4 Replies Latest reply on Nov 8, 2012 9:36 PM by Vite DBA

    APEX Schema vs Application Schema

      What is standard Production practice of schema creation?

      Do I need to have seperate schema for APEX objects and workspace AND have it connected to my application production schema where all application related tables resides?

      Please advice.

        • 1. Re: APEX Schema vs Application Schema
          Pete Mahon

          You can create your objects in any schema you wish (one schema per workspace), as long as you add the relevant schema to APEX so that it can parse correctly. See this page if you need to change the schema you are parsing in.

          You must have a separate schema to the one APEX creates as the APEX user is locked following installation.

          Hope this helps.
          Regards, Pete
          • 2. Re: APEX Schema vs Application Schema
            Vite DBA

            I'm not sure that you understand the architecture of Apex, and maybe a brief explanation will answer your question.

            When you create an Apex workspace, you associate that workspace with an Oracle schema that is the parsing schema, which means that all the code you produce as part of your application is executed as this schema. This schema then usually becomes the owner of all your Oracle database objects such as tables, views, indexes, packages etc. (it can be more complicated with multiple schemas, but lets keep it simple for the moment)

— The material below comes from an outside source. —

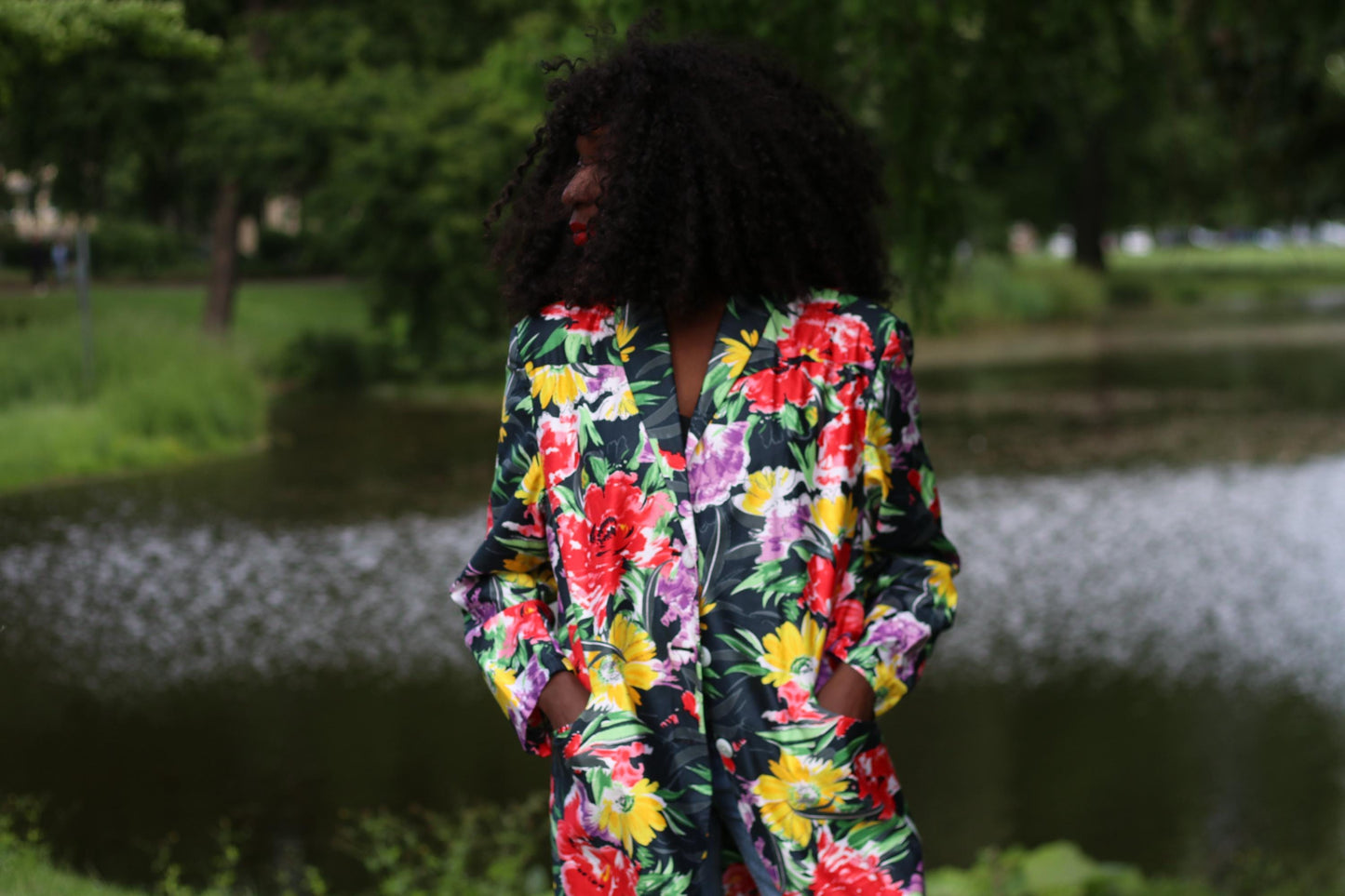 Vintage 90s Floral Blazer| Oversized Tropical Jacket| Vibrant Resort Wear, Dark Academia Aesthetic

            Next, you come to create an Apex application against that schema. The Apex objects that you create, applications, pages, regions, items etc, are not actually stored in that schema. They are associated to that schema by the workspace and are actually stored in a metadata structure in the Apex schema, which you never touch directly, but interact with through the actual Apex application. If you logged onto your parsing schema through SQLPlus and tried to find the Apex objects by querying the normal database metadata views you won't find anything.

            Getting back to the multiple schemas thing, for small to medium applications that are purely for Apex, I would recommend that you keep every thing in one schema and use that schema as your parsing schema. For more complex applications, from a purely database design point of view, it may be preferable to split your application into several sub-applications in several schemas. In this case you will need to create a parsing schema or use one of the existing schemas as a parsing schema and then maintain a system of grants and synonyms between the schemas as well as identify all the schemas to Apex, though only one can be the parsing schema.

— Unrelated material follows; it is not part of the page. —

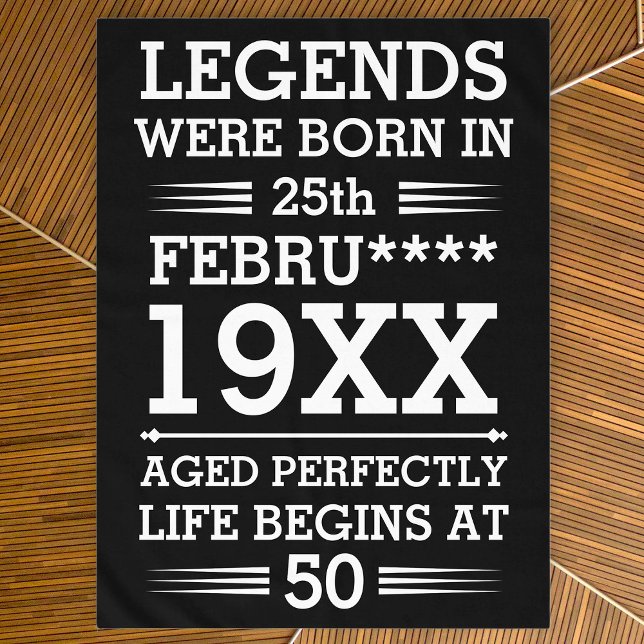 Custom Legends Were Born in Date Month Year Age Tablecloth (Creator Uploaded)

            There is a theory going around that promotes a separation between the schemas that own the database objects and the schema that an application connects as. This is primarily for security and safety so that developers don't damage the database application and end users don't gain unauthorised access through techniques such as SQL injection. This can be a concern with very large development projects with large and/or public user bases. I tend to think though that this is not the typical target for Apex applications (whether Apex is a suitable API in this case is another discussion) and applying this sort architecture is overkill in most cases.

            I hope that I understood your query correctly and that this helps.

            • 3. Re: APEX Schema vs Application Schema
              Adrian Png
              Hi MDK999.

              I usually create a schema (and tablespace) for each application for two main reasons:
              1. Avoid object naming conflicts
              2. Allows tablespace (application-specific) recovery

              Best regards,
              • 4. Re: APEX Schema vs Application Schema
                Vite DBA
                Hi Adrian,

                Yes I agree with your approach.

                My main point was that for most small to medium applications, splitting a single application over several different schemas for whatever practical or philosohpical reason is usually not worth the trouble.